-- Exercise objective --
Retype all entries exactly as they stand, excluding pictures.

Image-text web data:
───
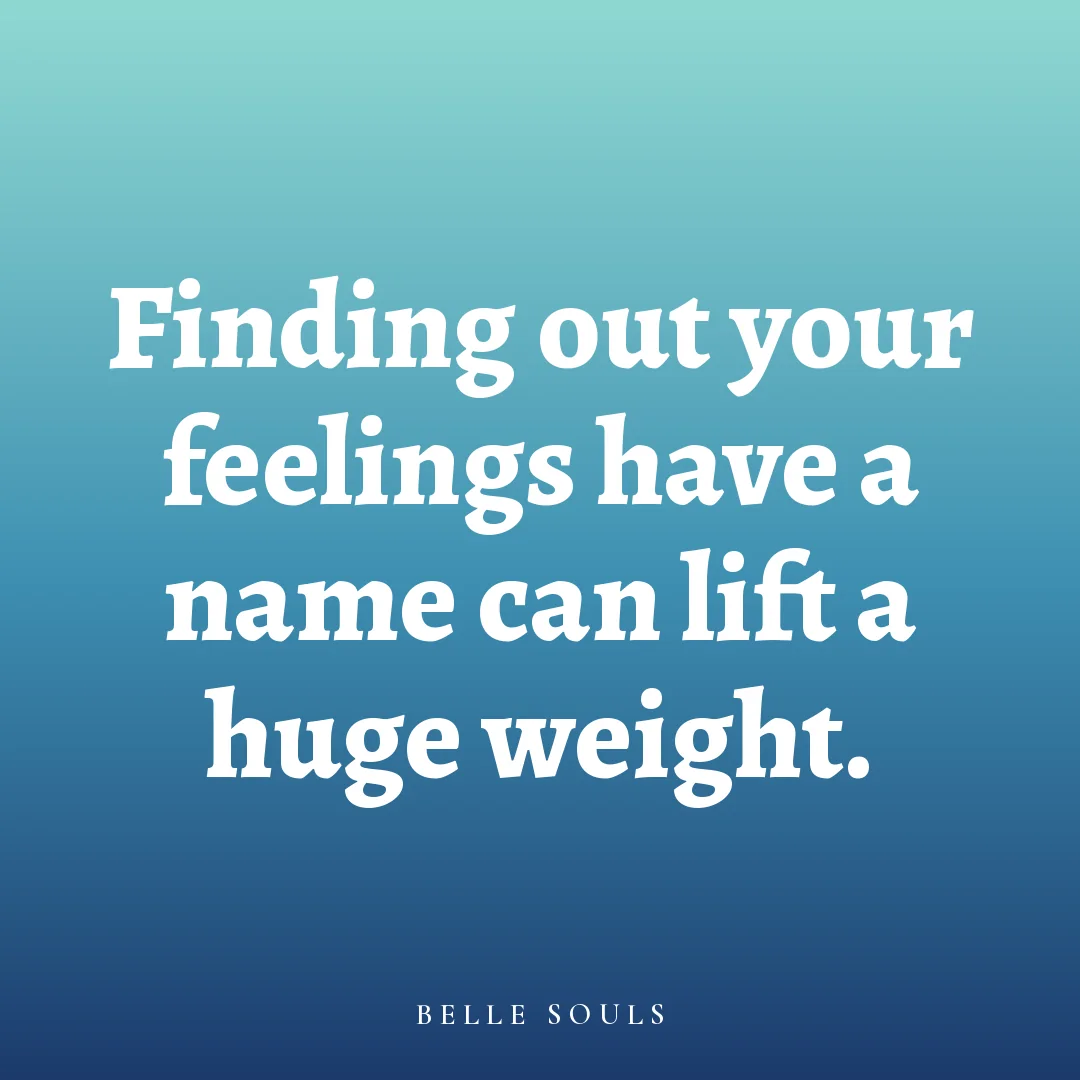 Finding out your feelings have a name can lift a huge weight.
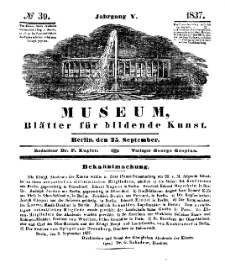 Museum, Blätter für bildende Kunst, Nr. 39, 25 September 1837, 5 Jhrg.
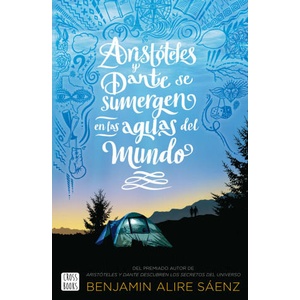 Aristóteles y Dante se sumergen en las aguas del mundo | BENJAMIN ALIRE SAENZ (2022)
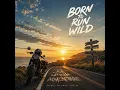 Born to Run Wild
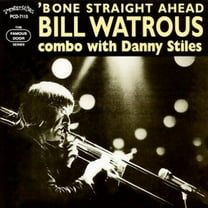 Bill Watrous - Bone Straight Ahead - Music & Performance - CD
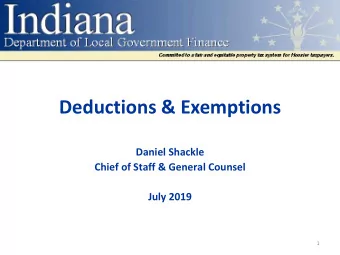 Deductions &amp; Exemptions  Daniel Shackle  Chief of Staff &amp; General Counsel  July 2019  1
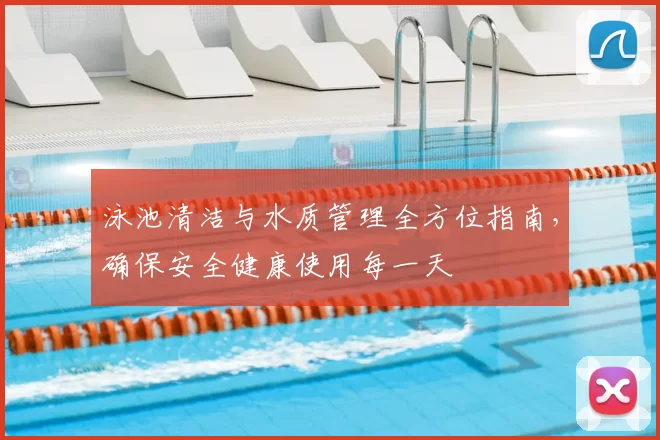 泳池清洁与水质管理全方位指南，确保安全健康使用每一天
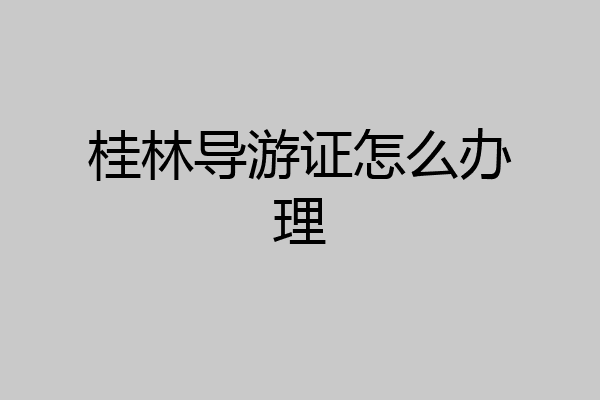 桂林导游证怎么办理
───
-- Response for this exercise --
 Finding out your feelings have a name can lift a huge weight.
 Museum, Blätter für bildende Kunst, Nr. 39, 25 September 1837, 5 Jhrg.
 Aristóteles y Dante se sumergen en las aguas del mundo | BENJAMIN ALIRE SAENZ (2022)
 Born to Run Wild
 Bill Watrous - Bone Straight Ahead - Music & Performance - CD
 Deductions &amp; Exemptions  Daniel Shackle  Chief of Staff &amp; General Counsel  July 2019  1
 泳池清洁与水质管理全方位指南，确保安全健康使用每一天
 桂林导游证怎么办理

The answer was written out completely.